Ein Reigen von Eindrücken flimmert über die (nicht komplett ausgefüllte) Leinwand. Wir sind ein kleines Kind, das unter einem Weihnachtsbaum sitzt und nach Lametta greift, wir sind ein Junge auf einer Wiese, der auf Orangenbäume blickt, wir sehen Spinnennetze im Sonnenlicht, Deckenventilatoren in engen Räumen, und immer wieder blicken wir Menschen ins Gesicht und beobachten, wie sie auf uns reagieren. Die einen mit Liebe, die anderen mit Neugier und viele mit Abneigung. Regisseur RaMell Ross bedient sich einer Bildsprache, die er in seinem preisgekrönten Dokumentarfilm „Hale County, Tag für Tag“ kultiviert hat. Der prüfende Blick der Kamera versinkt so lange in Alltäglichkeiten, bis diese plötzlich wie kleine Wunder erscheinen.

Doch im Gegensatz zu seinen dokumentarischen Arbeiten heftet Ross in seiner ersten Spielfilmarbeit diesen Blick an seine Figuren und setzt das Publikum damit ins Zentrum des Geschehens. Dieser Ansatz ist für ein Drama nicht nur ungewöhnlich, sondern in gewissem Maße auch unintuitiv. Die subjektive Kamera findet sich normalerweise eher als Gimmick in Genrefilmen wieder, in denen die Figuren nebensächlicher sind, weil das Spektakel im Mittelpunkt steht. Statt Nähe zu erzeugen, geht ein wichtiger Bezugspunkt verloren, denn es wirkt geradezu dissonant, einer Person auf der Leinwand in emotionalen Augenblicken nicht ins Gesicht schauen zu dürfen. Gerade in dramatischen Momenten verspürt man den Wunsch, zu sehen, wie Menschen reagieren, anstatt die Leerstelle selbst füllen zu müssen. Ross löst den Knoten dadurch, dass er ab einem bestimmten Punkt die Perspektive zwischen den zwei Hauptfiguren aufteilt. Obwohl dieser Wechsel dabei hilft, einzelne Szenen emotional besser nachzuvollziehen, bringt er eine neue Ebene der Orientierungslosigkeit mit sich, da man häufig einen kurzen Moment braucht, um zuordnen zu können, in wessen Haut man gerade steckt. Der eigene Verstand, der versucht, dem klassischen Narrativ zu folgen, arbeitet dabei zuweilen gegen die persönlichen Sehimpulse, denn eigentlich möchte man sich an dem, was Ross auf die Leinwand bringt, sattsehen. Jedes Bild scheint bewusst gewählt und filigran komponiert zu sein, voller Impressionen und bedeutungsschwangerer Details, die aufgesogen sein wollen, um all die Sorgfalt zu ergründen, die in die Erzählung eingeflossen ist.

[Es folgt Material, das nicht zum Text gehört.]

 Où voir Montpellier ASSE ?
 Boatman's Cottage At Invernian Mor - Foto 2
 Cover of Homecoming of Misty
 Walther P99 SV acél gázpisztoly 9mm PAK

Martin Luther King trifft Sidney Poitier

Unter der ungewöhnlichen Ästhetik verbergen sich die Bausteine einer klassischen Gefängniserzählung. Skizziert wird ein System der Entmenschlichung, das in den USA der 1960er-Jahre insbesondere auf rassistische Diskriminierung ausgelegt ist. Elwood ist ein aufgeweckter Schüler, der sich für Politik interessiert und daran glaubt, dass er in dieser Welt etwas verändern kann. Es ist wenig mehr als ein unglücklicher Zufall, dass er, ausgerechnet als er auf dem Weg ist, um sich in einer Universität einzuschreiben, seine Freiheit verliert. Die Freundschaft, die er mit Turner schließt, ist eine feinfühlig inszenierte Mischung aus Leichtigkeit und Rebellion. Eskapismus und Wut auf das System sind in Elwoods Leben keine Gegensätze, sondern Ergänzungen. Seine Idole sind Martin Luther King, der mit flammenden Reden über den Fernsehbildschirm flackert, und Sidney Poitier, den er in „Flucht in Ketten“ auf der Leinwand bestaunt.

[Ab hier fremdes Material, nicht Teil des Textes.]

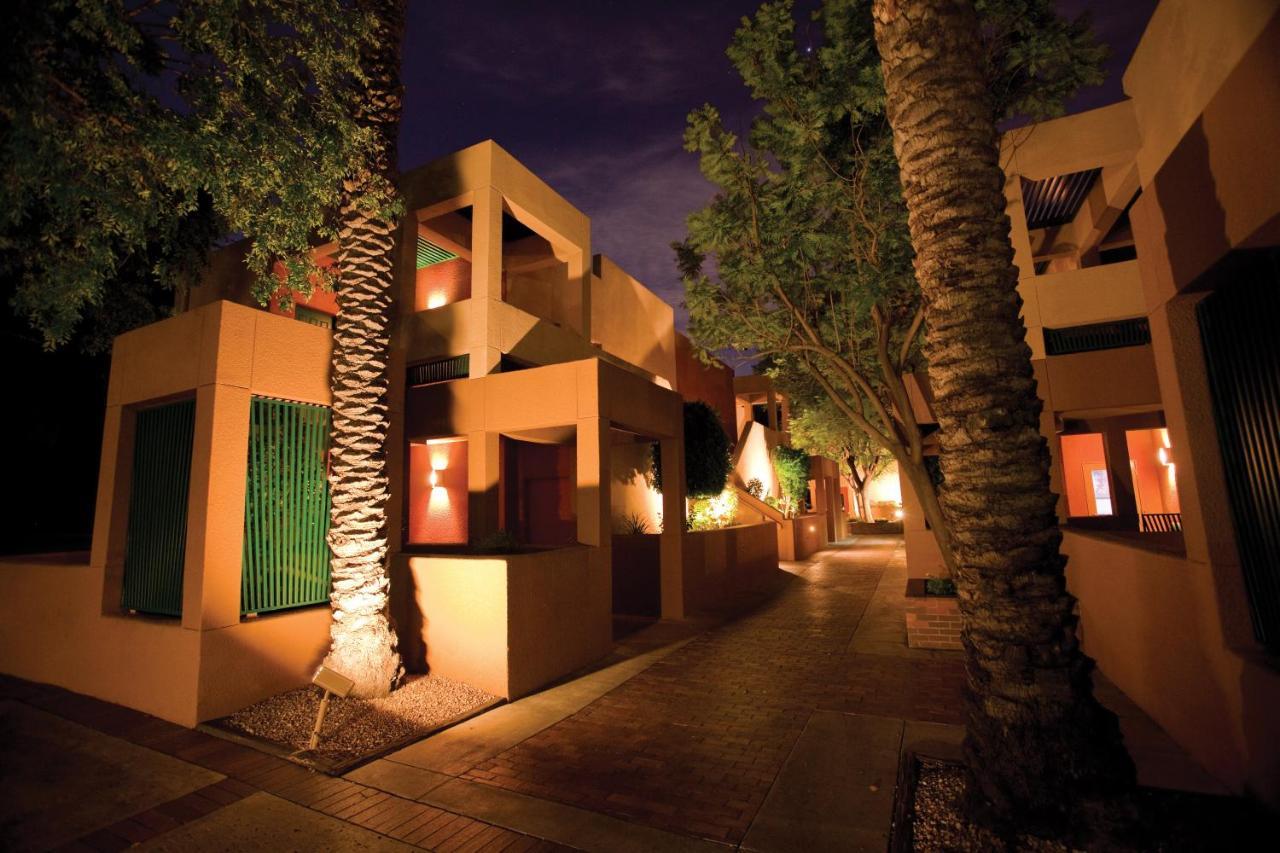 Orange Tree Resort Phoenix Bagian luar foto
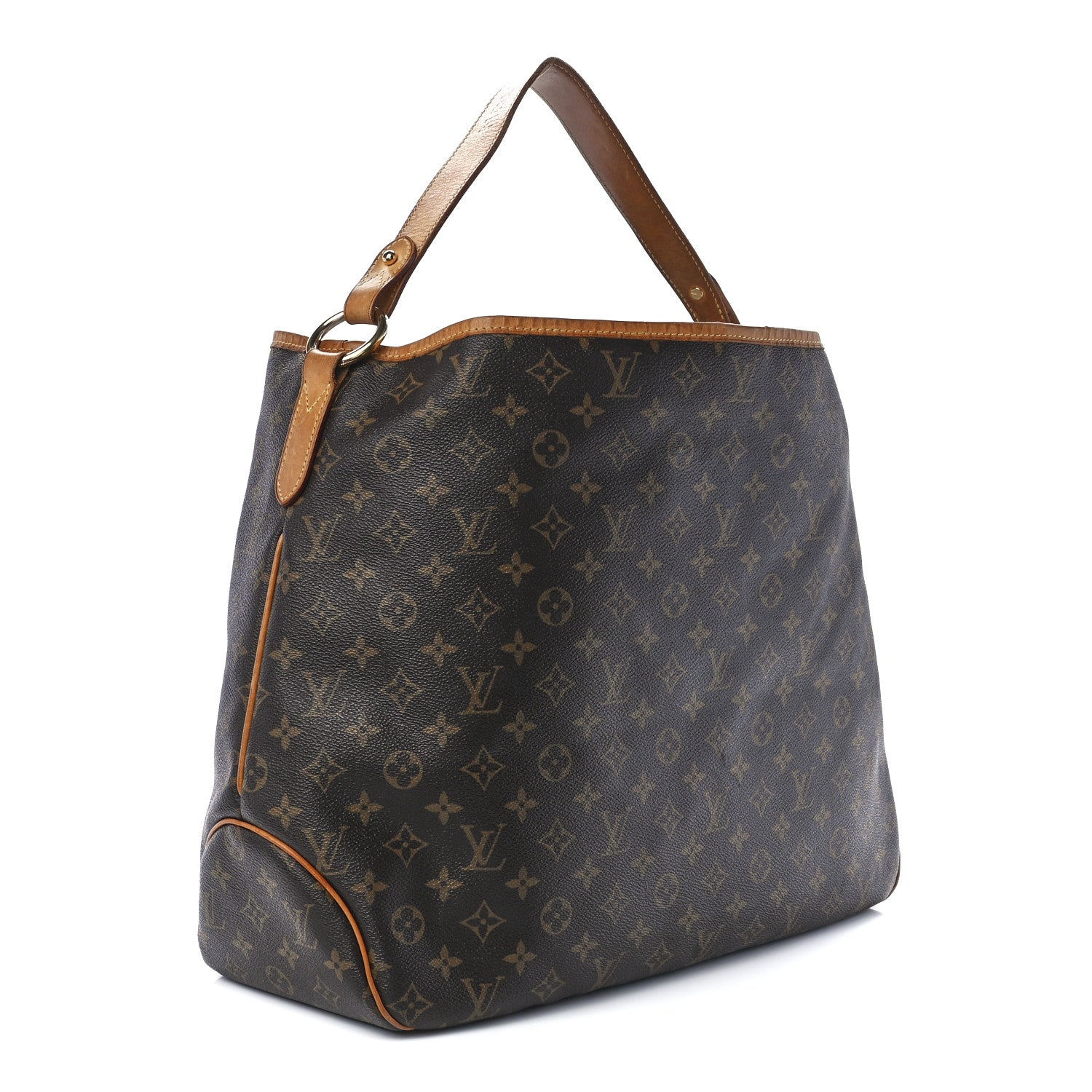 Louis Vuitton Monogram Delightful GM 3 of 13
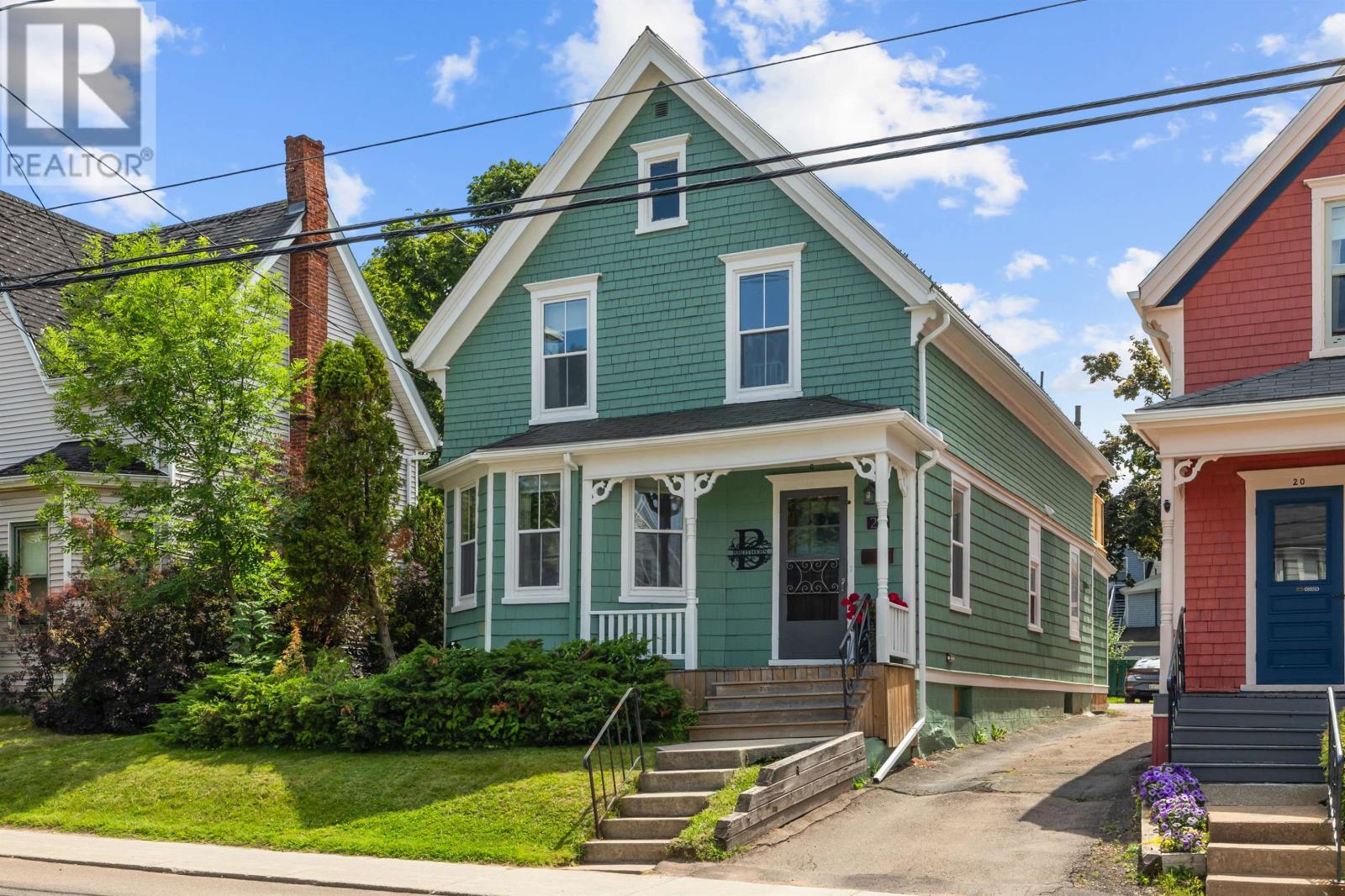 26 Euston Street, Charlottetown, Prince Edward Island  C1A 1V8 - Photo 2 - 202617993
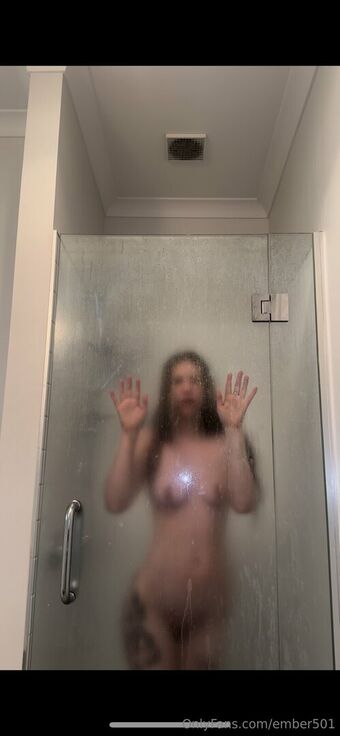 ember501 Foto Nude Leaked OnlyFans 16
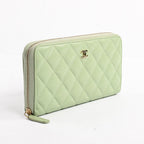 Chanel Wallet Classic Long — view 2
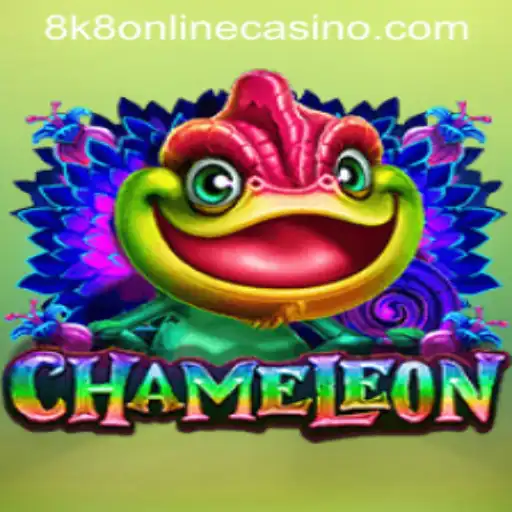 Discover the Thrilling World of Chameleon at the 8k8 Online Casino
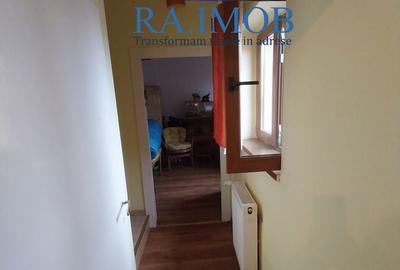 Casă cu 4 camere în Ultracentral - 19
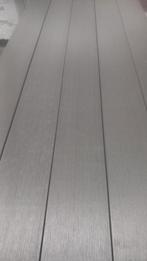 Partijtje composiet schuttingplanken stabelbaar, Ophalen, Kunststof, 1 tot 2 meter, Minder dan 3 meter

Während Elwood in der Nickel Academy inhaftiert wird, wird Martin Luther King „I have a dream!“ in die Welt rufen, und Sidney Poitier wird als erster schwarzer Darsteller einen „Oscar“ erhalten. Der Weg zur Freiheit, sowohl für Elwood und Turner als auch für die Black Community als Ganzes, scheint irgendwo zwischen politischem Aktivismus und künstlerischem Ausdruck zu liegen. Die von RaMell Ross gewählte Darstellungsform, die an einer Schnittstelle von kompromisslosem Realismus und überspitzter Künstlichkeit angesiedelt ist, scheint das Resultat dieses Kontrastes zu sein.

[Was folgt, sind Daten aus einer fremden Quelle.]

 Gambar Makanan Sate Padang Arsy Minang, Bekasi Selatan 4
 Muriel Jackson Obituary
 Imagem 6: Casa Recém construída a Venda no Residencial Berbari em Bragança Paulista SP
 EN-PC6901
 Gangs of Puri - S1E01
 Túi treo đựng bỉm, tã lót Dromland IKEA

Wörterbuch der Bildsprachen

Es wäre unfair, „Nickel Boys“ nur auf seine stilistische Umsetzung zu reduzieren, statt auf sein durchweg hervorragendes Ensemble oder sein feinfühliges Storytelling. Doch gerade diese ungewöhnliche Umsetzung ist das Nadelöhr, durch das sich das Publikum zwängen muss, um das darunterliegende Drama überhaupt erleben zu können. Für einige wird „Nickel Boys“ irgendwann klicken und der Wechsel der Perspektiven so natürlich sein, dass es keiner Anstrengung mehr bedarf. Doch für viele wird der Film bis zur letzten Szene einen gewissen Kraftaufwand mit sich bringen. Es fühlt sich beinahe an, als ob man eine neue Sprache lernt und sich, ehe die Gewohnheit einsetzt, für alles Gesehene Übersetzungsarbeit leisten muss, damit die Form den Inhalt nicht verschlingt.

Dieser Lernprozess wird aber belohnt. „Nickel Boys“ hätte sich sicherlich zugänglicher gestalten lassen, wenn er einen traditionelleren erzählerischen Ansatz gewählt hätte. Der Preis wäre gewesen, dass er sich wie fast jeder andere Film über das Leben im Gefängnis angefühlt hätte. RaMell Ross fügt dem Genre mit unnachgiebiger Konsequenz einen ungewöhnlichen Aspekt hinzu, der in seinen schwächsten Momenten wie ein interessantes Experiment wirkt, aber in seinen besten Momenten Stil und Story zu einem einmaligen Werk verschmelzen lässt. Die Vision hinter „Nickel Boys“ muss man nicht teilen, aber es wäre bedauerlich, sie nicht zu würdigen.